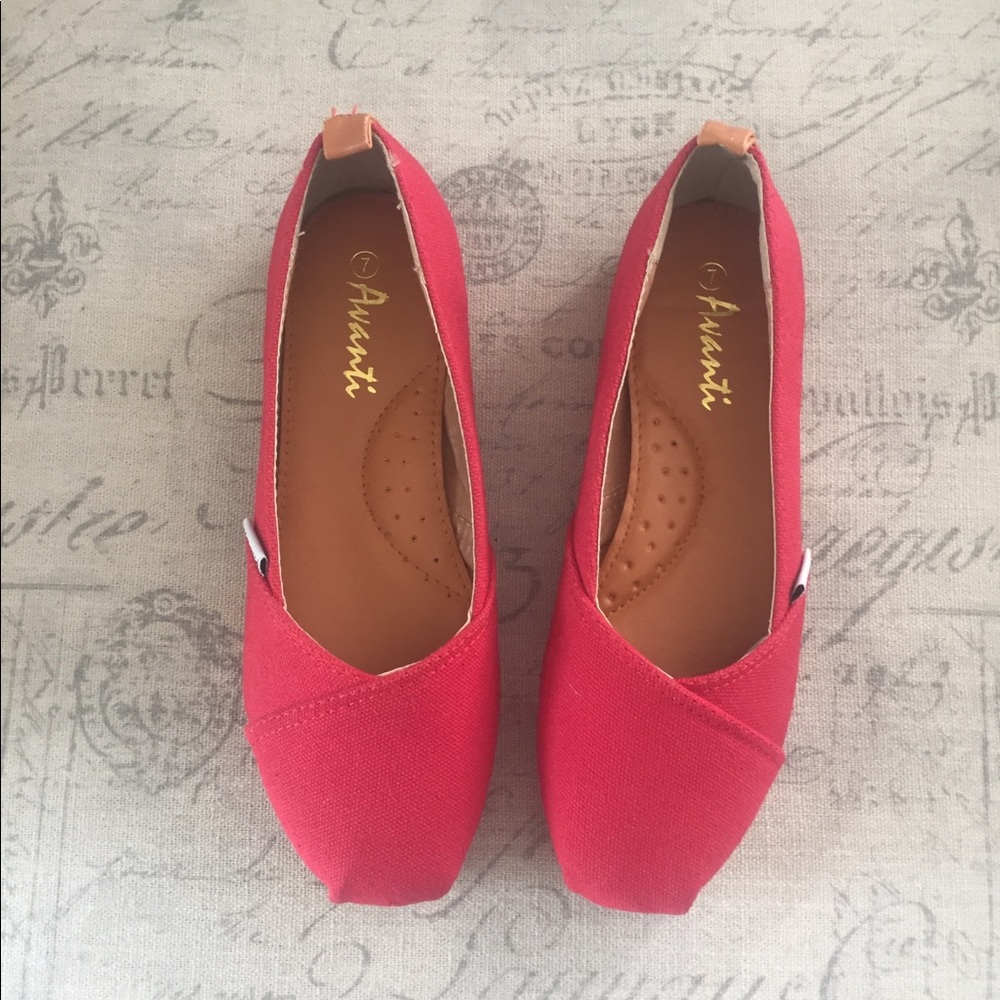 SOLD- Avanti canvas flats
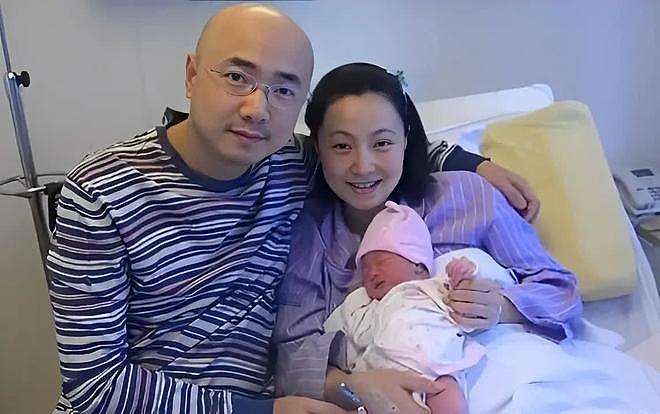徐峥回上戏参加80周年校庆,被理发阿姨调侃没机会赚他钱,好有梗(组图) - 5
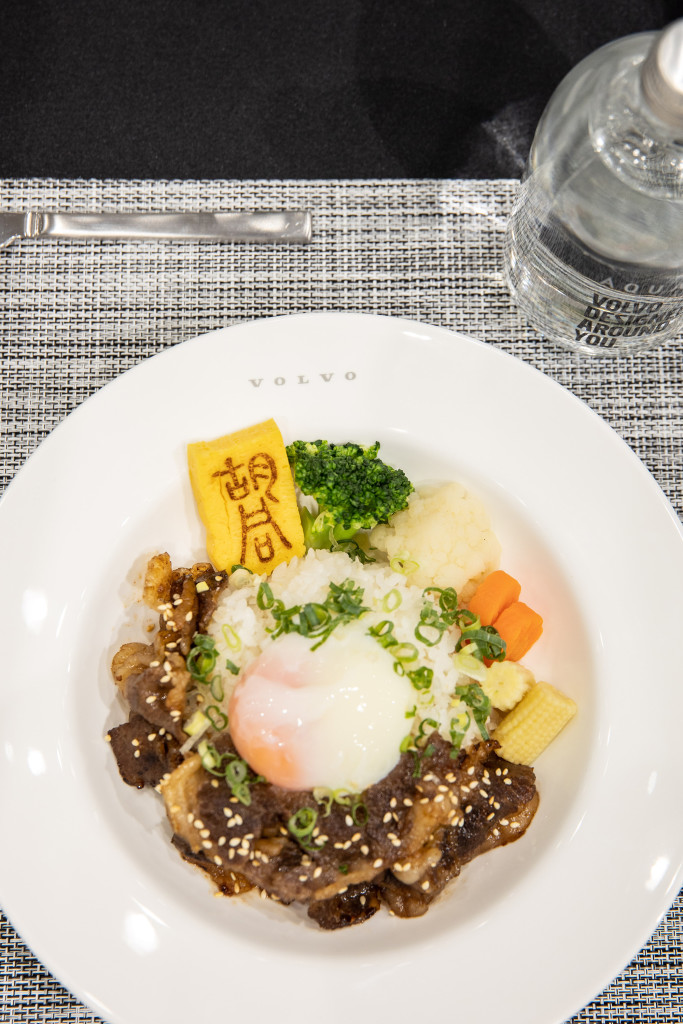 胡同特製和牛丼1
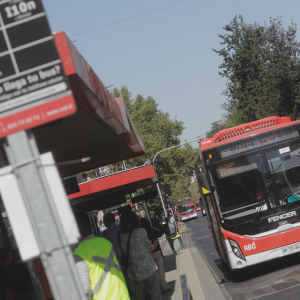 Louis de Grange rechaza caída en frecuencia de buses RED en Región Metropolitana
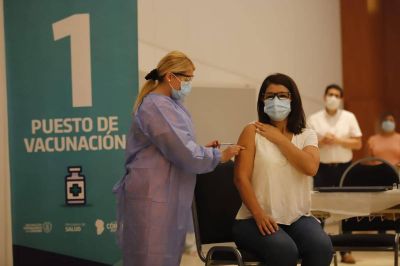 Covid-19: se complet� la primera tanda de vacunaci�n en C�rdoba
____
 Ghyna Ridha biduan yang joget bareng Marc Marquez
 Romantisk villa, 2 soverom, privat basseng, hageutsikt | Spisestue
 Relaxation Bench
____
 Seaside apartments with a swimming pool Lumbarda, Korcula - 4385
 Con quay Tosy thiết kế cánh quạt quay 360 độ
____
**WHAT IS NEEDED**
In the listing above, find the line containing "SOLD- Avanti canvas flats". Output it and every line after it up to and including the line containing "Covid-19: se complet�", exactly, but skip the pictures.

**RESPONSE AREA**
 SOLD- Avanti canvas flats
徐峥回上戏参加80周年校庆,被理发阿姨调侃没机会赚他钱,好有梗(组图) - 5
 胡同特製和牛丼1
 Louis de Grange rechaza caída en frecuencia de buses RED en Región Metropolitana
 Covid-19: se complet� la primera tanda de vacunaci�n en C�rdoba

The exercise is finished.